It was contestible and contested.
I'd ask by whom, but individual names aren't that helpful.
So was the theory of evolution in 1859, and not for obscurantist reasons, or, in the case of evolution, even for unscientific ones.
True, but, both atomic theory and evolution were accepted by 1910, and the former had a 100 year head start on the latter.
Until the atomic theory of matter had been demonstrated beyond reasonable doubt, which it hadn't until Einstein came along, people were free to doubt it for whatever reason they liked, without being accused of obscurantism.
As I said, atomic theory had been demonstrated
before Einstein's time. Richard Lambing was postulating on the structure of the atom in the 1830s, and the flow of
subatomic particles was the prevalent theory of electricity in the 1870s.

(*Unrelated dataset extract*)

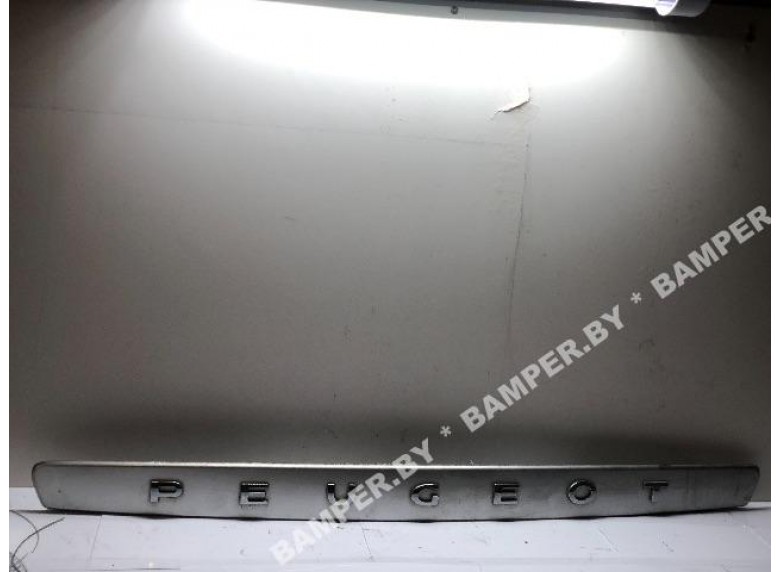 Накладка подсветки номера к Peugeot 308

Hittorf was well aware of atoms and molecules when he conducted his experiments into electricity - in 1879, he was explaining the curvature of electron beams by way of
negatively-charged molecules. If atomic theory was widly contested in the early 1900s, what were all these physicists doing experimenting on things that, according to you, were unproven to even exist?
No, atoms were a fact of science from the early 1800s; the experiments conducted in the 1800s demonstrate this, as does the terminology used by scientists as early as the turn of the century (the 19[sup]th[/sup] century, that is). They knew atoms exist, just as we know they exist today.